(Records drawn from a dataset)
────────────────────

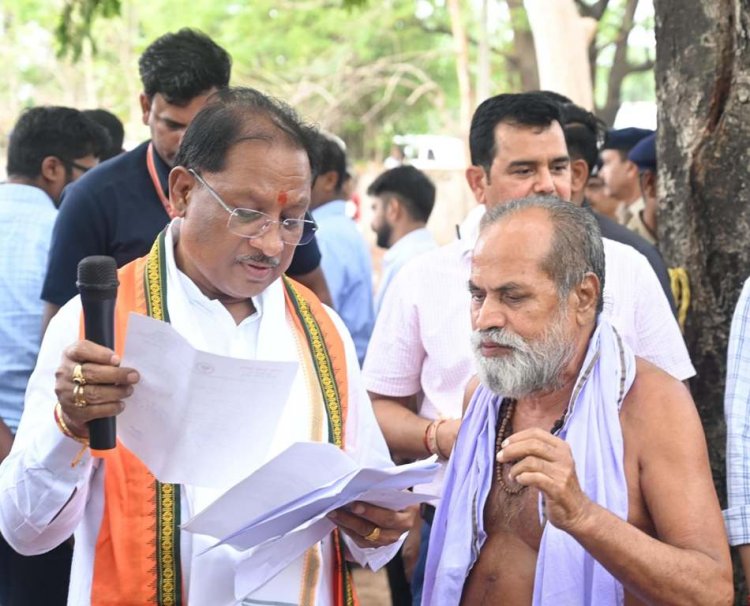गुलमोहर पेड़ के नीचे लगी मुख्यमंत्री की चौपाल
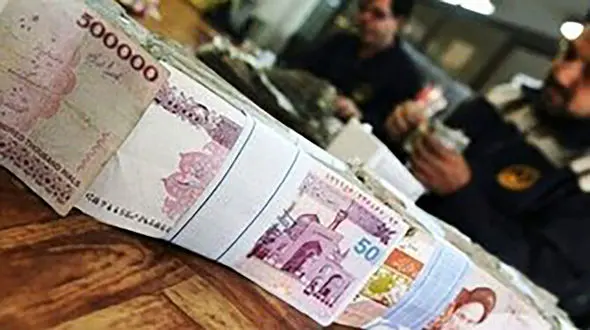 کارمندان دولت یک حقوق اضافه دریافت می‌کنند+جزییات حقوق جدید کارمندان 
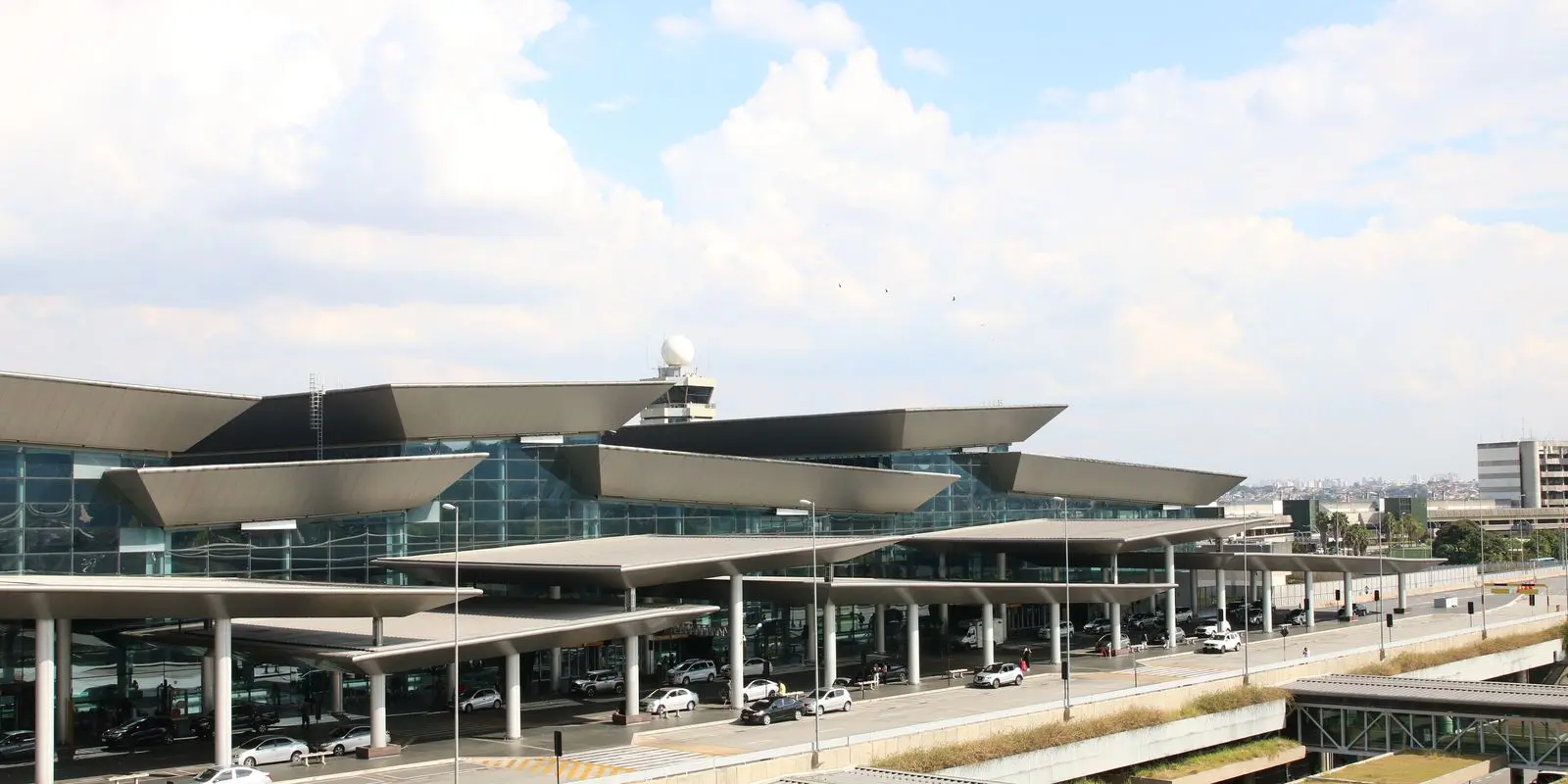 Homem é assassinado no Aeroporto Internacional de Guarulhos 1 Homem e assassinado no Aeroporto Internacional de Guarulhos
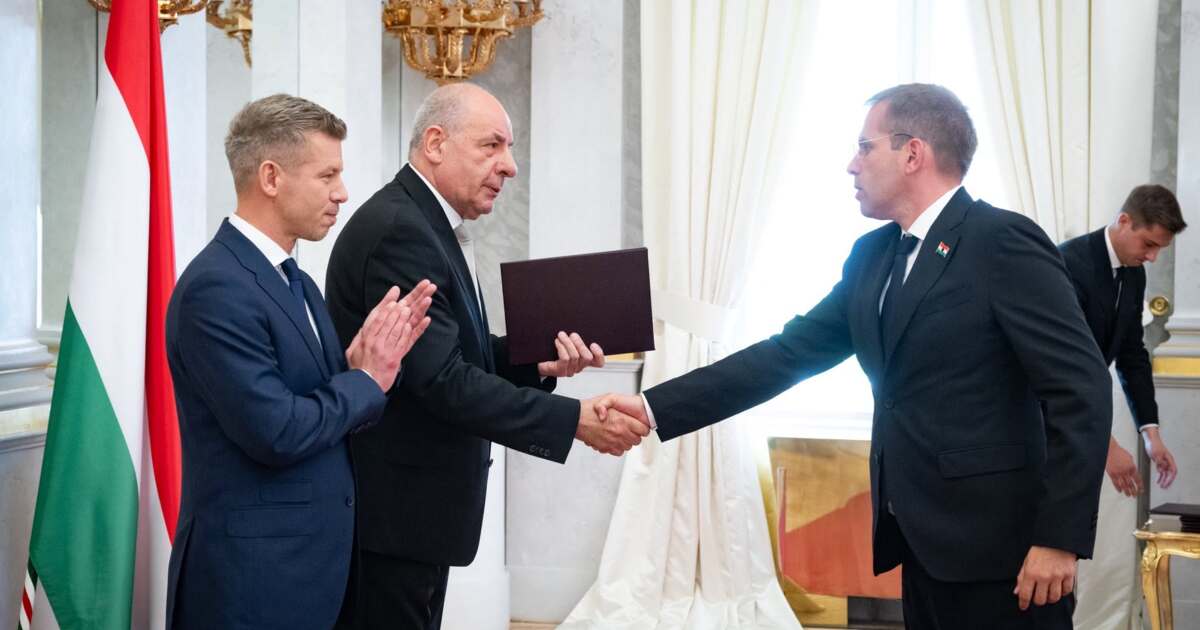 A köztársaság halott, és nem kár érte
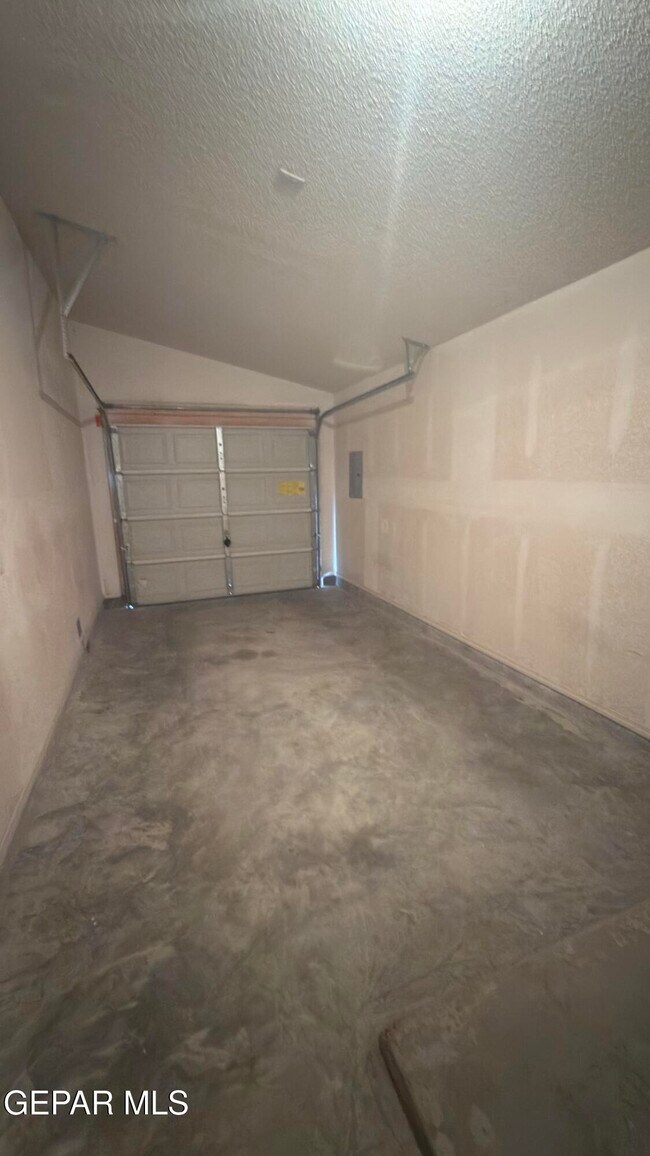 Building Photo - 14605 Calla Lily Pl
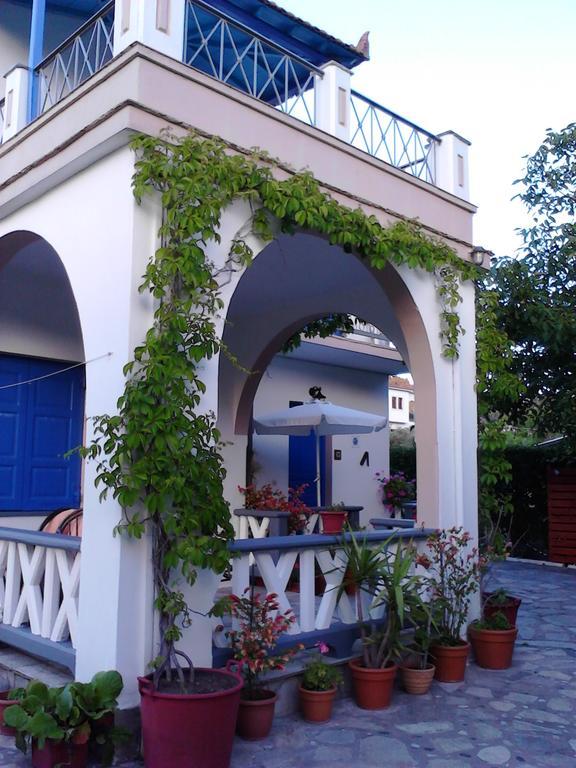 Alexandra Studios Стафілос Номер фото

────────────────────

Your task is to repeat the data above exactly while excluding the pictures.

गुलमोहर पेड़ के नीचे लगी मुख्यमंत्री की चौपाल
 کارمندان دولت یک حقوق اضافه دریافت می‌کنند+جزییات حقوق جدید کارمندان 
 Homem é assassinado no Aeroporto Internacional de Guarulhos 1 Homem e assassinado no Aeroporto Internacional de Guarulhos
 A köztársaság halott, és nem kár érte
 Building Photo - 14605 Calla Lily Pl
 Alexandra Studios Стафілос Номер фото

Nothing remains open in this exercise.